Reputation: 1053
My collection is described as follows:
{ "_id" : ObjectId("5474af69d4b28042fb63b856"), "name" : "XXXX", "action" : "accept", "source" : "127.0.0.1", "srcport" : "80", "destination" : "192.168.0.13", "dstport" : "53213", "service" : "443", "service_id" : "https", "unixtime" : NumberLong("1412774569000"), "segment" : "MySegment", "direction" : "INCOMING", "location" : "US" }
I currently have ~5.5mio entries in my collection and the base query always is:
collection.count({"action":"2_different_action_types", "direction":"3_different_directions", "unixtime": {"$gte": 1412774000000, "$lte": 1412774900000}})

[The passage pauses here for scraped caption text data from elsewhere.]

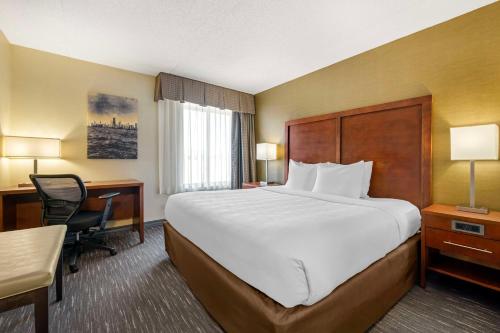 a hotel room with a large bed and a desk at Best Western Chicago - Downers Grove in Downers Grove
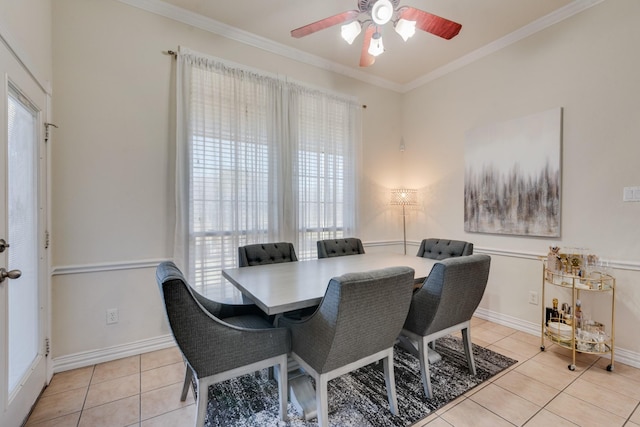 dining area featuring ceiling fan, crown molding, light tile patterned floors, and a healthy amount of sunlight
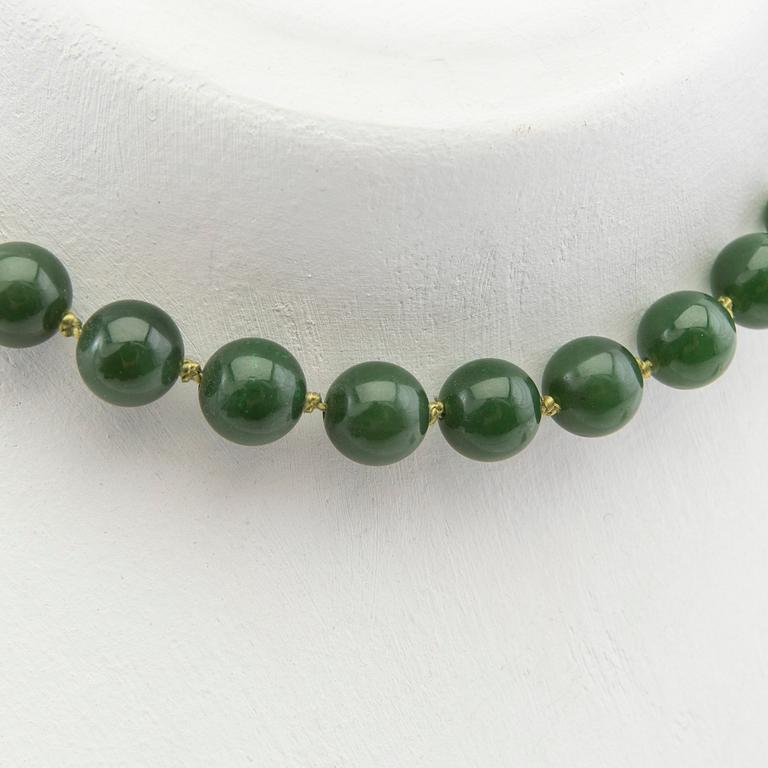 Collier, grön sten och lås i 14K guld.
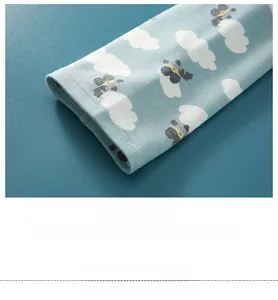 Close-up of baby shoulder wrap cuff featuring cartoon prints and rib-knit finish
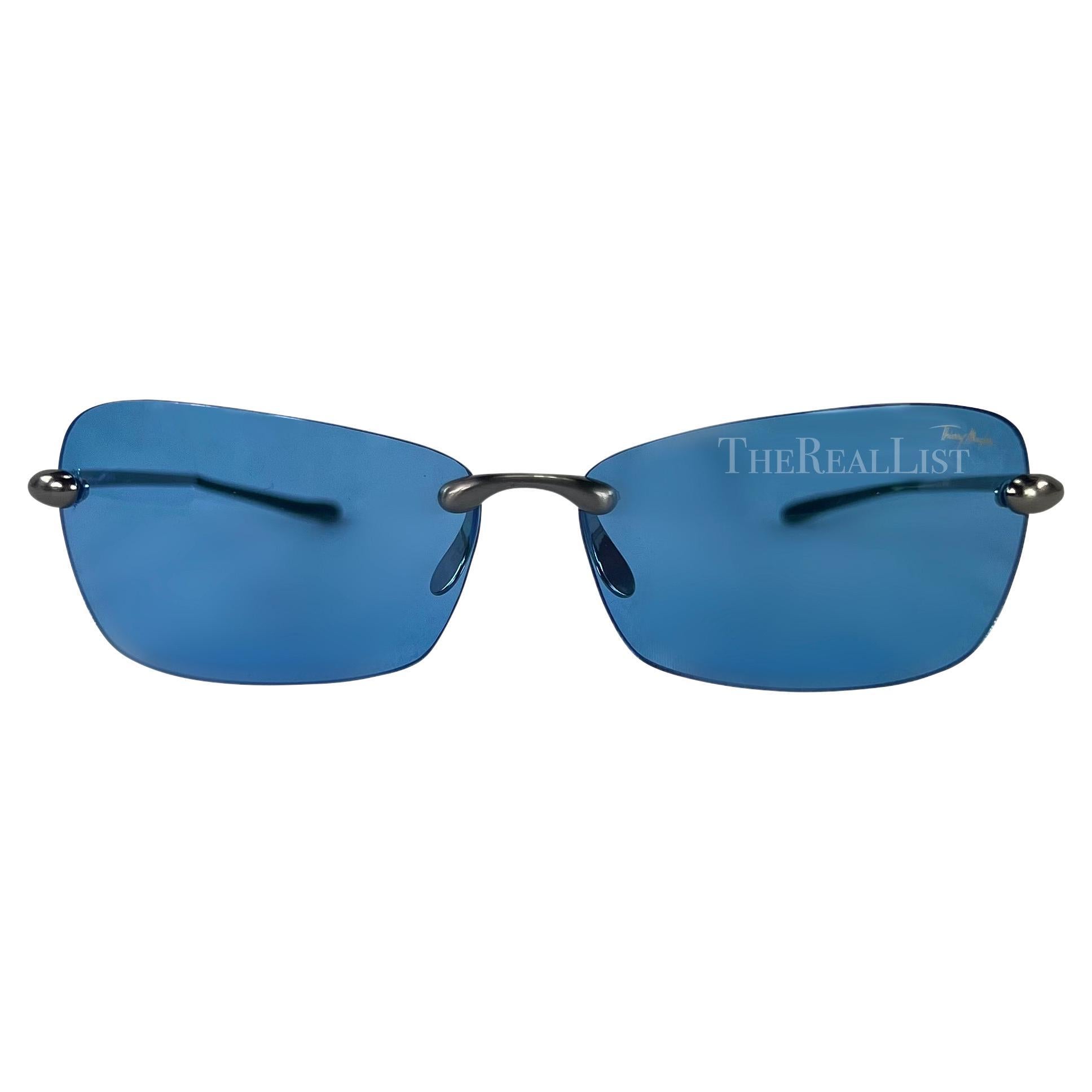 Presenting a pair of blue rimless Thierry Mugler sunglasses, designed by Manfred Mugler. From the early 2000s, these sunglasses feature rectangular lenses with a slight cat eye and are made complete with chrome metal arms.

Approximate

Action, direction and unixtime always exist in my query but their value is dynamic. Optional (also dynamic values) parameters are:
For example:
collection.count({"action":"2_different_action_types", "direction":"3_different_directions", "location":"US","segment":"mySegment", "unixtime": {"$gte": 1412774000000, "$lte": 1412774900000}})

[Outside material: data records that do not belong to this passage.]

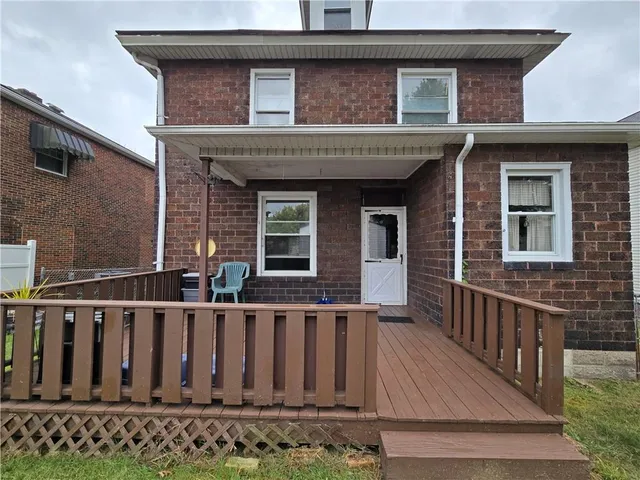 a view of a house with wooden fence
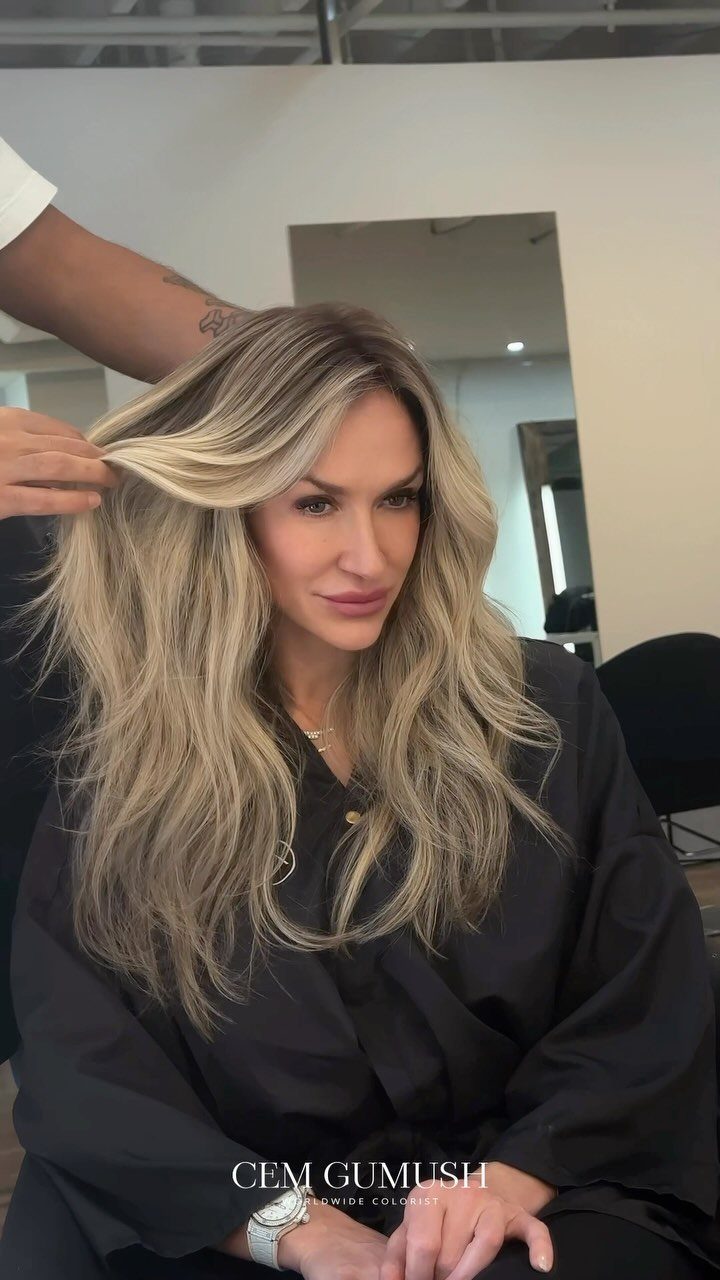 Woman with long, wavy blonde hair and soft highlights in a salon chair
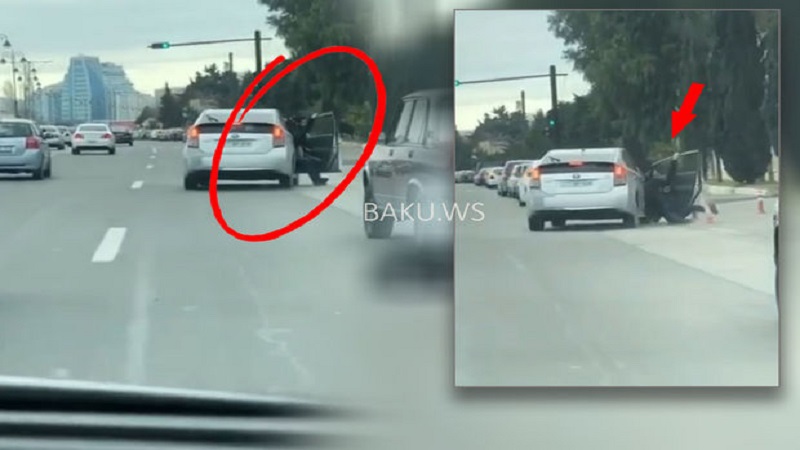 Sərnişin özünü hərəkətdə olan “Prius”dan yola atdı (VİDEO)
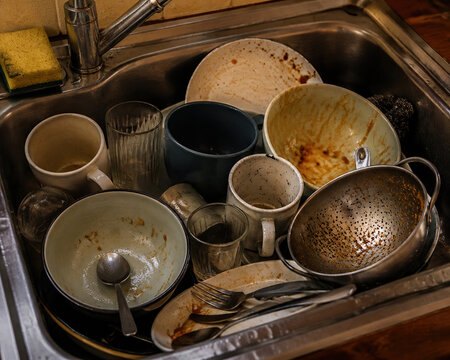 Dirty used kitchen dishes piled in a metal sink at home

collection.count({"action":"2_different_action_types", "direction":"3_different_directions", "service_id":"https", "unixtime": {"$gte": 1412774000000, "$lte": 1412774500000}})
I created the following indexes:
db.collection.createIndex( {unixtime: 1, action: 1, direction: 1 })
db.collection.createIndex( {unixtime: 1, action: 1, direction: 1 , location:1})
db.collection.createIndex( {unixtime: 1, action: 1, direction: 1 , service_id:1})
db.collection.createIndex( {unixtime: 1, action: 1, direction: 1 , segment:1})
db.collection.createIndex( {unixtime: 1, action: 1, direction: 1 , location:1, service_id: 1})
db.collection.createIndex( {unixtime: 1, action: 1, direction: 1 , location:1, segment: 1})
My query without the index took ~8sec, the query with an index ~6sec, which is still kinda slow.
How can I speed up the whole thing? Note, that at the moment I'm just counting the findings, not really looking for a specific entry.
Additional Info:
I'm currently trying to optimize those queries directly in the mongoshell but in the end, I'm querying via NodeJS (don't know if this is relevant for the solution).
Upvotes: 3
Views: 3843
Reputation: 46301
The indexes don't seem to make much sense this way. Not-equals-queries like $gte
and $lte
should be at the end - not only in the query, but also in the index. Putting unixtime at position 1 in the index is generally a bad idea (unless you need the set of distinct actions within a single second and the number of actions in a single second is so large that they need indexing, which is unlikely).
Try to reverse the indexes and make sure the order of the index matches the order in the query.
If location
, segment
and service_id
have low selectivity, try without an index on these fields first. More indexes cost more RAM and slow insertion and update time, but with low selectivity, the gain in queries is sometimes negligible. In the query, it might make sense to put the optional fields last, at the end of all the other operations - if the candidate set is small enough after the required criteria and the unixtime
interval, a collection scan of the remaining items shouldn't hurt performance too badly. If they do and the selectivity is high, move them further forward.
Upvotes: 2